*Problem description:* For this exercise, please transcribe exactly and only the lines from the one containing "A collection of" through the end of the material, both ends included, without pictures.

--- Material supplied Enclosed Below ---

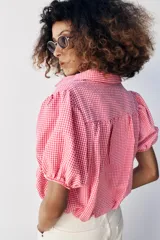Camisa corta de cuello solapa y manga corta abullonada acabada en elástico, color verde con estampado de cuadros vichy. Cuenta con un bolsillo de plastrón en el delantero, bajo con elástico y cierre frontal con botones.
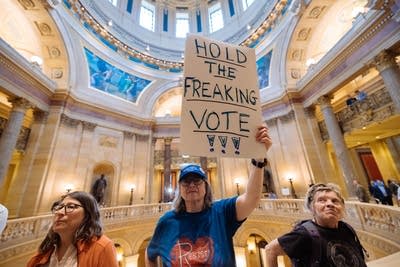 A protester holds a sign reading "HOLD THE FREAKING VOTE!!!"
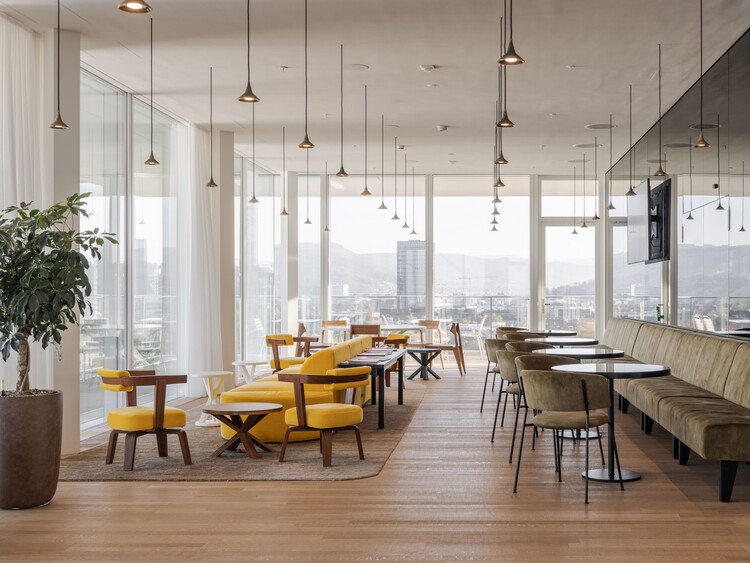 Helvetia Basilea / Herzog & De Meuron Campus - Fotografía interior, comedor, sillas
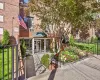Brick facade building with a prominent entrance featuring a green domed awning, glass entry doors, a concrete ramp, and landscaped planters Brick facade building with a prominent entrance featuring a green domed awning, glass entry doors, a concrete ramp, and landscaped planters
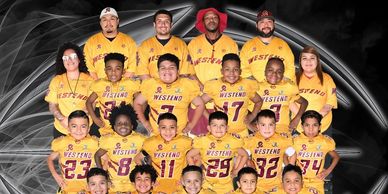 Youth football team in yellow jerseys posing for a group photo.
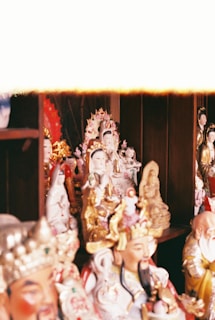 A collection of ornate and colorful figurines is displayed on shelves. These figures appear to be intricately crafted and depict various deities or spiritual icons, showcasing detailed costumes and diverse expressions. The background consists of a wooden cabinet, which adds a warm tone to the setting.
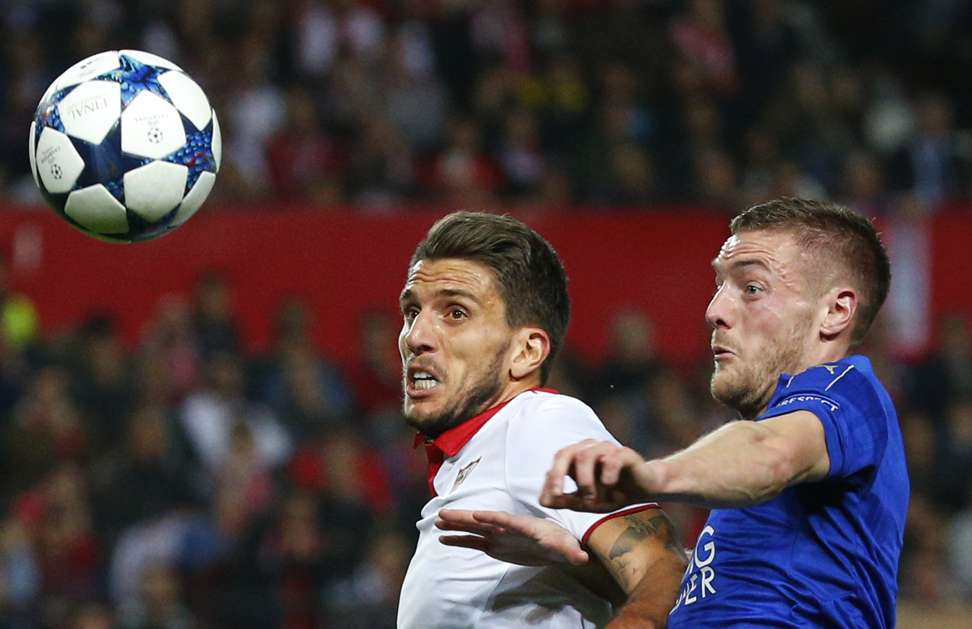 Vardy in action with Sevilla’s Daniel Carrico. Photo: Reuters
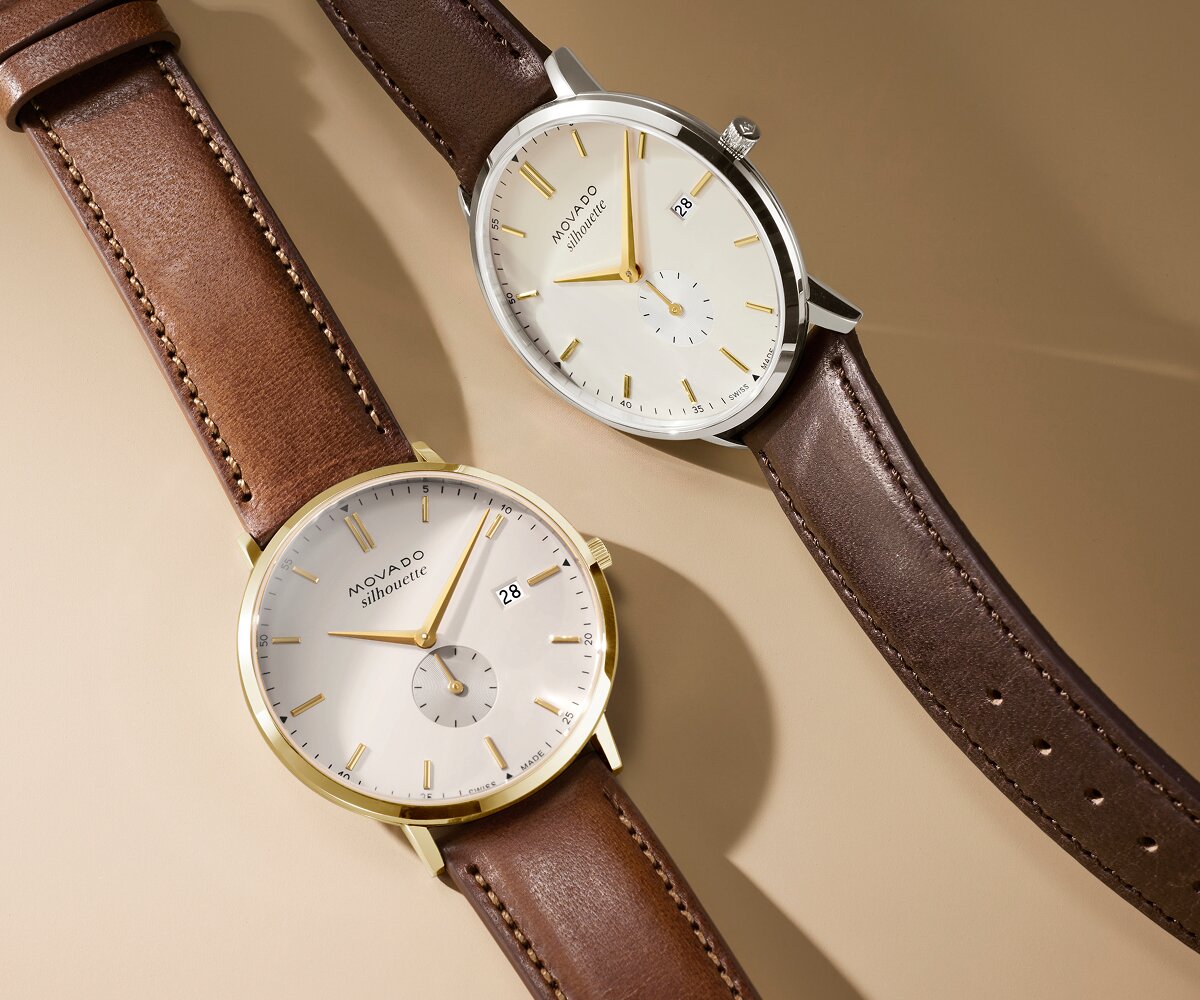 Heritage Silhouette watch with light brown leather strap and white dial next to the Heritage Silhouette watch with dark brown leather strap and white dial.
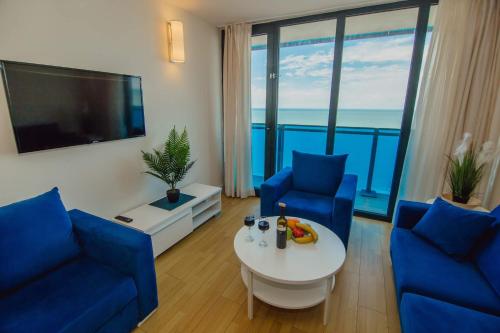 A television and/or entertainment centre at ORBI CITY King Suite Sea View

--- End of Enclosed Material supplied ---

*Output of the exercise:*
 A collection of ornate and colorful figurines is displayed on shelves. These figures appear to be intricately crafted and depict various deities or spiritual icons, showcasing detailed costumes and diverse expressions. The background consists of a wooden cabinet, which adds a warm tone to the setting.
 Vardy in action with Sevilla’s Daniel Carrico. Photo: Reuters
 Heritage Silhouette watch with light brown leather strap and white dial next to the Heritage Silhouette watch with dark brown leather strap and white dial.
 A television and/or entertainment centre at ORBI CITY King Suite Sea View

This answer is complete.